LA LUCERTOLA DELLE EOLIE (Podarcis raffonei)

Postato nel Gtuppo Fb in data 17 Novembre 2020

di Andrea Miraval (in parte riadattata da Wikipedia)

Come tante lucertole appartenenti al Genere Podarcis anche questa si è differenziata a seguito di isolamento insulare, Però il differenziamento qui non ha prodotto una sottospecie ma una buona Specie, addirittura suddivisa in 4 sottospecie a grado differente tutte minacciate.
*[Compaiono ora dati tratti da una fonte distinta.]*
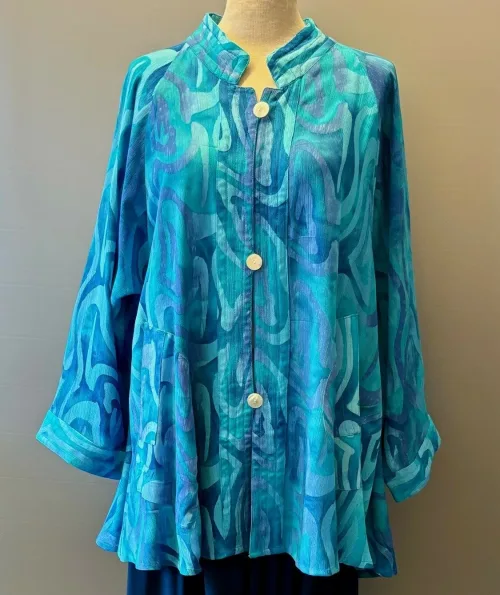 Festjakke i Crepe - Blå Turkis Violet, festjakke, fest, tøj, jakke, festlig, lang, swing, flot, a-snit, a-facon, swinger, langærmet, anvendelig, smuk, klædelig, slankende, rummelig, store, størrelser, piger, curvy, plus, size, blå, turkis, natur, materialer, åndbar, bomuld, viskose, silke, vaskes, let, behagelig, holdbar, kvalitet, speciel, særlig, batik, tryk, farvet, kunstnerisk, kunsthåndværk, bæredygtig, biti, ribe, løgagers, angel cirkle,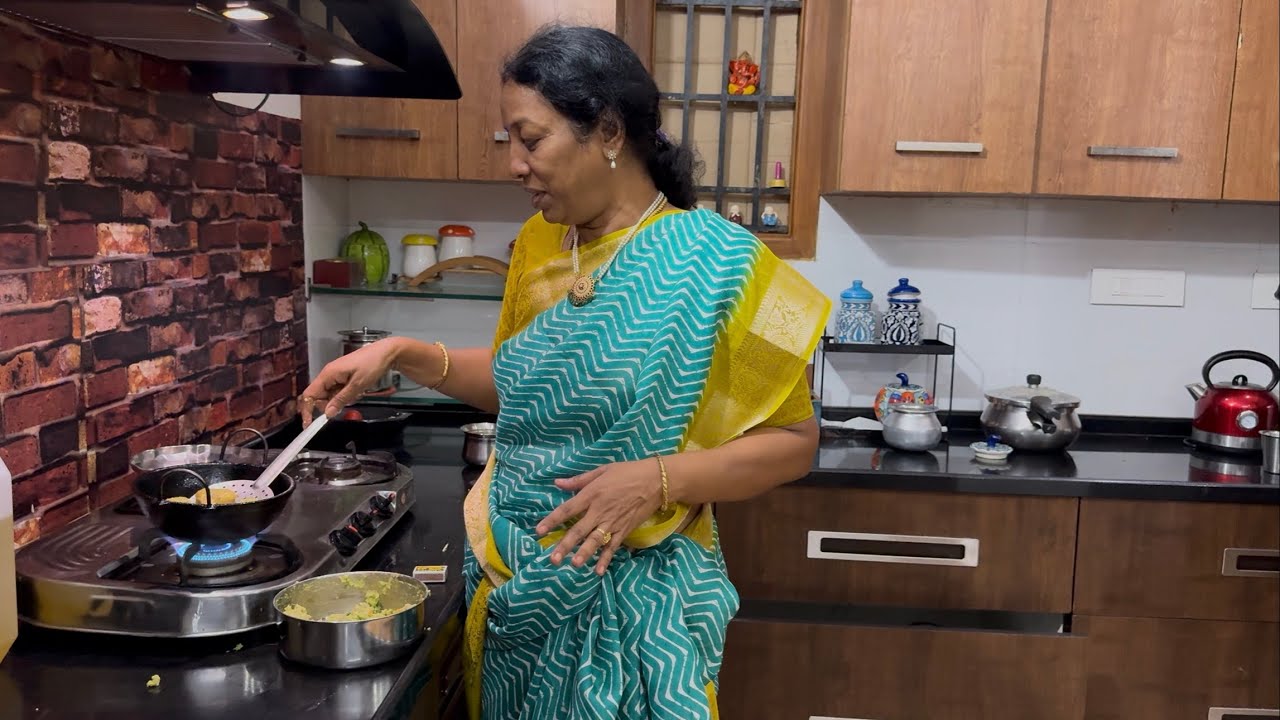 தோட்டத்தை கவனிக்க முடியவில்லை!! பச்சை நிற கார வடை!!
Un Endemismo Insulare, minacciato da tante cose, ma non in ultimo dall’introduzione di Podarcis sicula da parte dell’uomo, fino al punto di essere divenuta in Pericolo Critico di Estinzione…

La lucertola delle Eolie (Podarcis raffonei (Mertens1952) è un sauro della famiglia dei Lacertidiendemico delle isole Eolie.

Etimologia

Il nome del genere deriva dal greco antico ποδαρκής ( = piè veloce) mentre l’epiteto specifico deriva da Raffone, cognome da nubile della moglie dello scopritore.

Descrizione

È un piccolo sauro, lungo sino a 25 cm, molto simile a Podarcis siculus; le due specie si differenziano per la colorazione, tendenzialmente più scura, ancorché estremamente variabile, in P. raffonei, e per altri caratteri minori come la presenza di macule sotto la gola.

Biologia

ALIMENTAZIONE

È una specie prevalentemente insettivora, che predilige coleotteri e imenotteri; durante il periodo estivo, quando il numero delle prede diminuisce, la dieta comprende anche una discreta componente di sostanze vegetali.

RIPRODUZIONE

È una specie ovipara che si riproduce da due a tre volte l’anno. La femmina depone da 4 a 8 uova; lo sviluppo embrionale dura circa 2 mesi, alla schiusa le piccole lucertole misurano 40–50 mm.

DISTRIBUZIONE E HABITAT

L’areale attuale di questa specie è ristretto alle isole Eolie ed è frazionato in quattro stazioni isolate e relativamente distanti tra loro, situate in aree frammentate dell’isola di Vulcano (in particolare la zona di Vulcanello) e su tre piccoli isolotti: Strombolicchio (scoglio dell’isola di Stromboli), La Canna (Filicudi) e Scoglio Faraglione (Salina).

Stime recenti quantificano la popolazione attuale in circa un migliaio di esemplari, che occupano una superficie complessiva intorno a 20.000 m².

Si ritiene che l’areale protostorico di P. raffonei fosse ben più ampio dell’attuale e che abbracciasse l’intero arcipelago eoliano. Esso si sarebbe progressivamente ridotto per la competizione con la comune lucertola campestre (Podarcis sicula), introdotta probabilmente dall’uomo intorno al 7.000 a.C. Le due specie attualmente convivono solo sull’isola di Vulcano.

Nelle stazioni di Vulcano popola habitat di macchia arbustiva a Genista tyrrhena e Cistus spp.; su Strombolicchio e Scoglio Faraglione occupa le aree sommitali dove la vegetazione è più densa, mentre sullo scoglio de La Canna la specie si è adattata a vivere su substrati rocciosi con scarsa copertura vegetale.[9]

TASSONOMIA

Sino a pochi anni fa le popolazioni di lucertole delle Eolie venivano inquadrate come sottospecie della lucertola siciliana Podarcis wagleriana. Recenti studi filogenetici hanno consentito di elevarle al rango di specie a sé stante.

Sono state descritte quattro sottospecie:[12]

  • Podarcis raffonei raffonei, con areale ristretto a Strombolicchio
  • Podarcis raffonei alvearioi, scoglio Faraglione
  • Podarcis raffonei antoninoi, isola di Vulcano
  • Podarcis raffonei cucchiarai, scoglio La Canna.

CONSERVAZIONE

Per la ristrettezza del suo areale (< 10 km²) e la esiguità della popolazione residua, stimata in circa un migliaio di esemplari, P. raffonei è classificata dalla IUCN Red List come specie in pericolo critico di estinzione (Critically Endangered).
La riduzione del suo habitat naturale ad opera dell’uomo e la competizione con P. sicula, unite alla distribuzione frammentata e residuale della specie, costituiscono una gravissima minaccia per P. raffonei, che è considerato uno dei vertebrati italiani a maggior rischio d’estinzione.